Since 2010, when the State Department dropped its requirement that applicants for a gender change show proof of surgery, the federal passport has been the most reliable primary form of identification for transgender U.S. citizens. For those born or living in states governed by Republicans, the most crucial problem might not be conflict between documents, but a lack of conflict between state and federal documents and records — birth certificates, driver’s licenses, Social Security records and passports could all designate gender as sex at birth. As recently as 2021, all states except Tennessee allowed people to change the gender on their birth certificates, though some requirements were onerous. In recent years, however, Republican administrations in five additional states have reversed course through regulations or legislation that defines sex in ways similar to Trump’s executive order.

Florida took an especially punitive stance by not only banning changes to gender markers on birth certificates and driver’s licenses, but also declaring through an official memo that providing supporting documents that indicate a gender different from one’s birth sex on a driver’s license application constitutes fraud. Someone born in New Jersey, for example, who had changed their birth certificate, moved to Florida, and used that birth certificate to apply for a driver’s license there would be subject to civil and criminal penalties.

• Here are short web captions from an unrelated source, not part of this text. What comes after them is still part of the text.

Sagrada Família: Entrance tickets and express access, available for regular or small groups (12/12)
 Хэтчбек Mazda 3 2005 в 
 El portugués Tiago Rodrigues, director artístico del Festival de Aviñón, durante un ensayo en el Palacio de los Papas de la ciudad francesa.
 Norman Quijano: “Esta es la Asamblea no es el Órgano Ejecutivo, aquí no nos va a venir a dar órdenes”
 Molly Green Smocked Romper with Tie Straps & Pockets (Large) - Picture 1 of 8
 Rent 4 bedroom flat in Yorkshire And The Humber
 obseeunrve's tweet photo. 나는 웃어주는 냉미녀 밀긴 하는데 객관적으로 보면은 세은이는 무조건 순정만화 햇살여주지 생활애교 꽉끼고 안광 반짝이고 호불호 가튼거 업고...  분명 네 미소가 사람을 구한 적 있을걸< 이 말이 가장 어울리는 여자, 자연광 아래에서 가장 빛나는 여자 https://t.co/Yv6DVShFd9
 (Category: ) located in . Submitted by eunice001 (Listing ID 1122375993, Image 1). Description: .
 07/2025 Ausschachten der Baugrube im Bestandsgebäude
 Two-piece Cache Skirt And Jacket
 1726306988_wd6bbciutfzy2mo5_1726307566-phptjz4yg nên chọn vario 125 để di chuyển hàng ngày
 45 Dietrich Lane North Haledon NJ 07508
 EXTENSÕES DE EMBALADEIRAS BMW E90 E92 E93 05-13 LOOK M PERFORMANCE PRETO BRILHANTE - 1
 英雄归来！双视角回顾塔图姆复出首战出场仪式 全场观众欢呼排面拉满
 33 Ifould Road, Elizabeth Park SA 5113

The Trump administration’s sweeping attacks on transgender rights demonstrate the stark reality of what the state can do, rational or not, when driven by animus. The courts will weigh in on the legality of these moves, but the damage is already being done. For transgender people, facing a hostile state bent on dismantling the delicate and still incomplete scaffolding of transgender rights, the situation is dire — an unrelenting assault on our ability to go about our daily lives.